> **What the exercise asks**:
Each line from the one that contains "Mug fun pour" to the end of the entries must be copied word for word, and only those lines.

> **Data under study**:

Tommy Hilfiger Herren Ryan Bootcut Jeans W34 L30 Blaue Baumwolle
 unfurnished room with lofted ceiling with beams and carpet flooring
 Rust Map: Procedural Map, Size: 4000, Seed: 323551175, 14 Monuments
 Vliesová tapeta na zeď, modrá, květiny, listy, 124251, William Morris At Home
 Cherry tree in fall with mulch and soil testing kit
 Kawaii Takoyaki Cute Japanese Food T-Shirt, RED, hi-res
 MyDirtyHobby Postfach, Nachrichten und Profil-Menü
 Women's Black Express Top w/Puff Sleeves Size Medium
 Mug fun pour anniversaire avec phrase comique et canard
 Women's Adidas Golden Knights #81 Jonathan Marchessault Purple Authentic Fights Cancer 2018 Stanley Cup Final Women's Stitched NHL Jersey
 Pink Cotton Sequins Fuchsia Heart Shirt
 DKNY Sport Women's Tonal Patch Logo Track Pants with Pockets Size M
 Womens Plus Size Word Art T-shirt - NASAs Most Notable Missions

> **Task response**:
 Mug fun pour anniversaire avec phrase comique et canard
 Women's Adidas Golden Knights #81 Jonathan Marchessault Purple Authentic Fights Cancer 2018 Stanley Cup Final Women's Stitched NHL Jersey
 Pink Cotton Sequins Fuchsia Heart Shirt
 DKNY Sport Women's Tonal Patch Logo Track Pants with Pockets Size M
 Womens Plus Size Word Art T-shirt - NASAs Most Notable Missions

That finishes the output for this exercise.